THE DATA
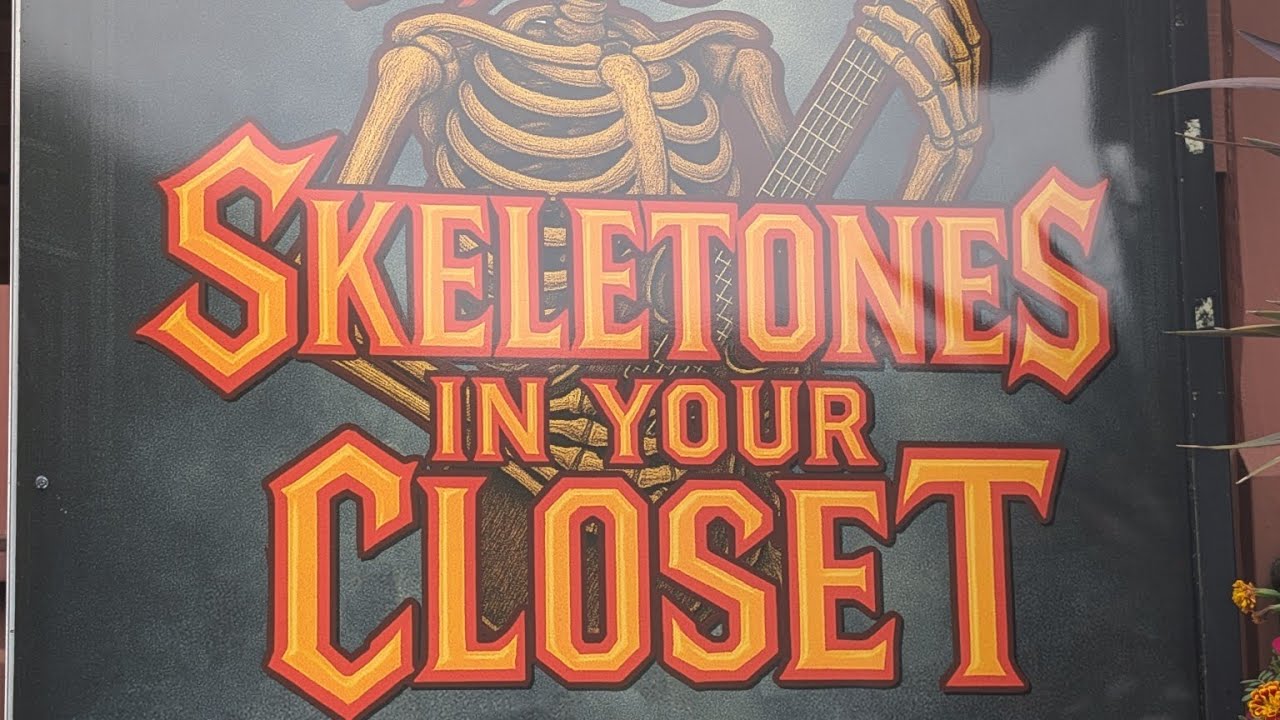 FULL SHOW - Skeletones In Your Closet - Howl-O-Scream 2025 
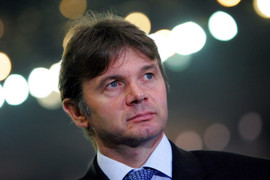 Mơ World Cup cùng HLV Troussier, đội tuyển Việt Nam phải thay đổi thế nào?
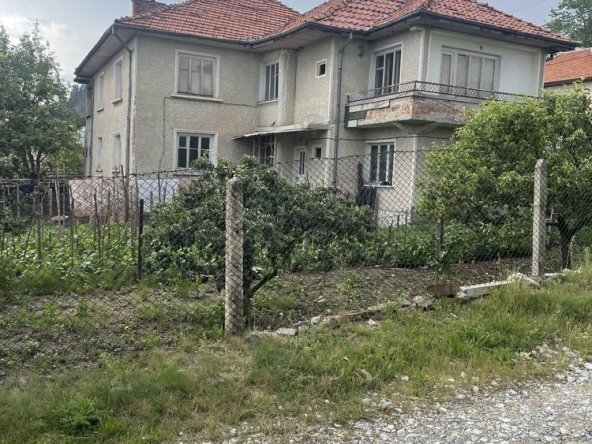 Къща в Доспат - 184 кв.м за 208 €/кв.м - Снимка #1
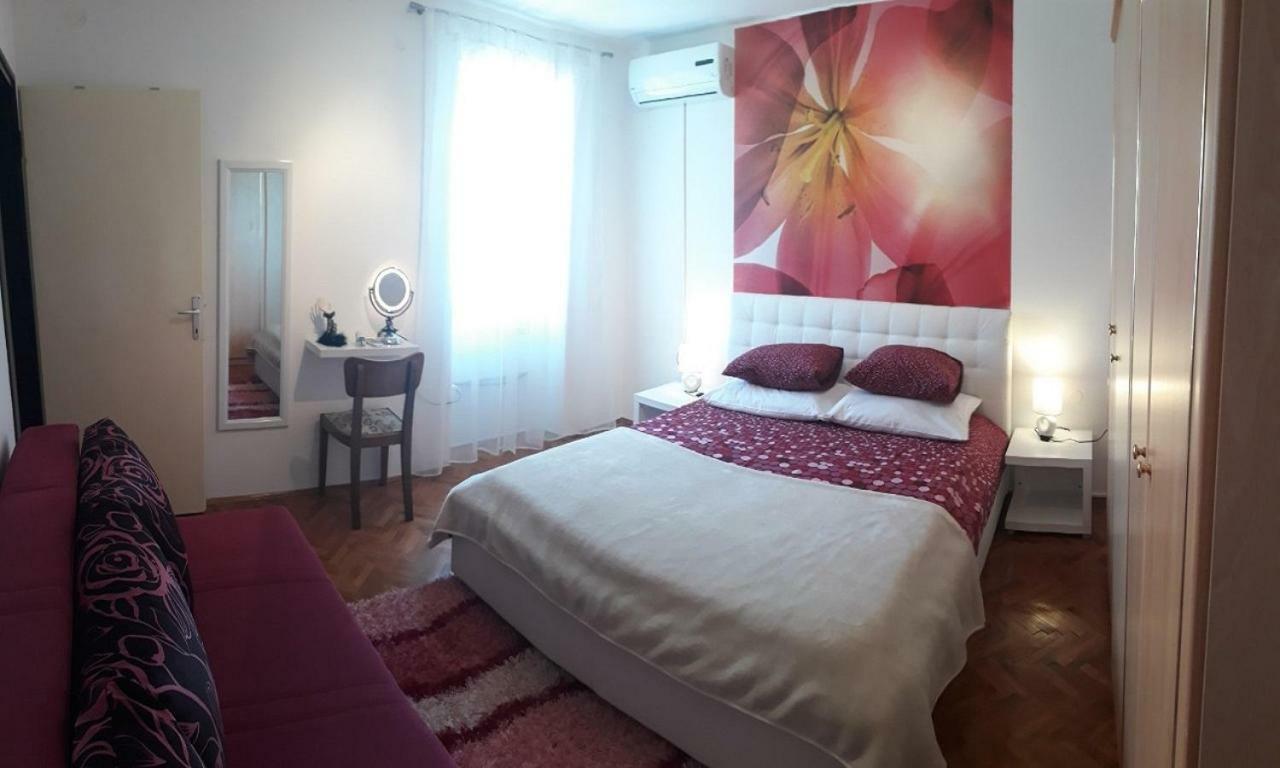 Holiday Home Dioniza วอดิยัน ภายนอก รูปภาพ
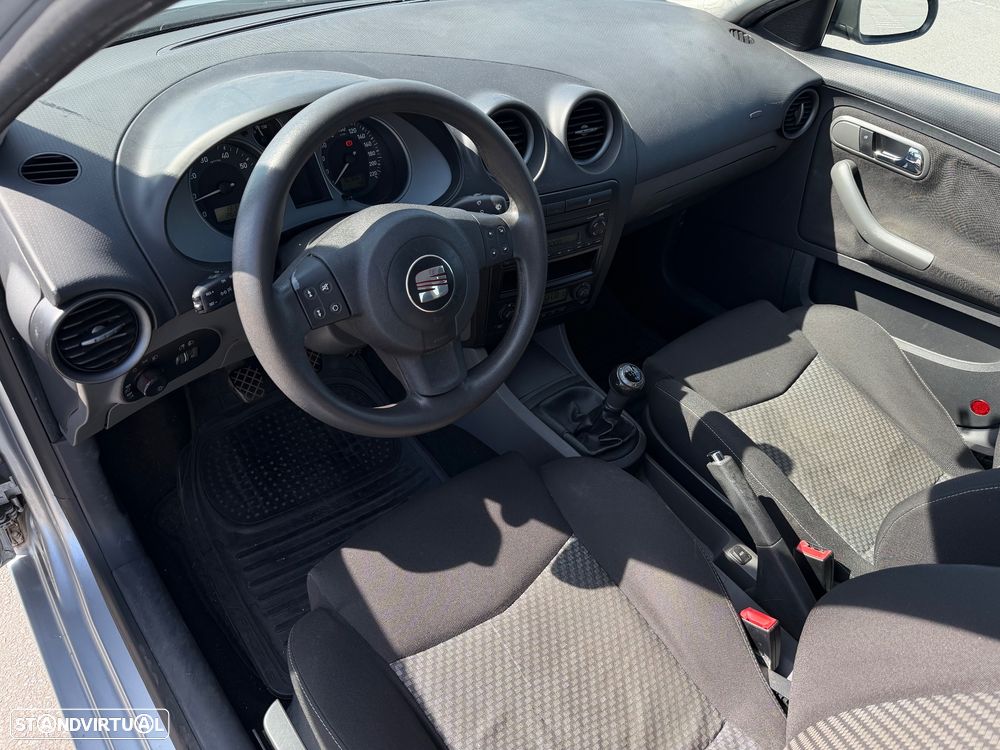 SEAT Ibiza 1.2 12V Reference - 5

WHAT TO DO
Write every line above out again exactly; pictures do not belong in the copy.

RESPONSE FOR THIS EXERCISE
 FULL SHOW - Skeletones In Your Closet - Howl-O-Scream 2025 
 Mơ World Cup cùng HLV Troussier, đội tuyển Việt Nam phải thay đổi thế nào?
 Къща в Доспат - 184 кв.м за 208 €/кв.м - Снимка #1
 Holiday Home Dioniza วอดิยัน ภายนอก รูปภาพ
 SEAT Ibiza 1.2 12V Reference - 5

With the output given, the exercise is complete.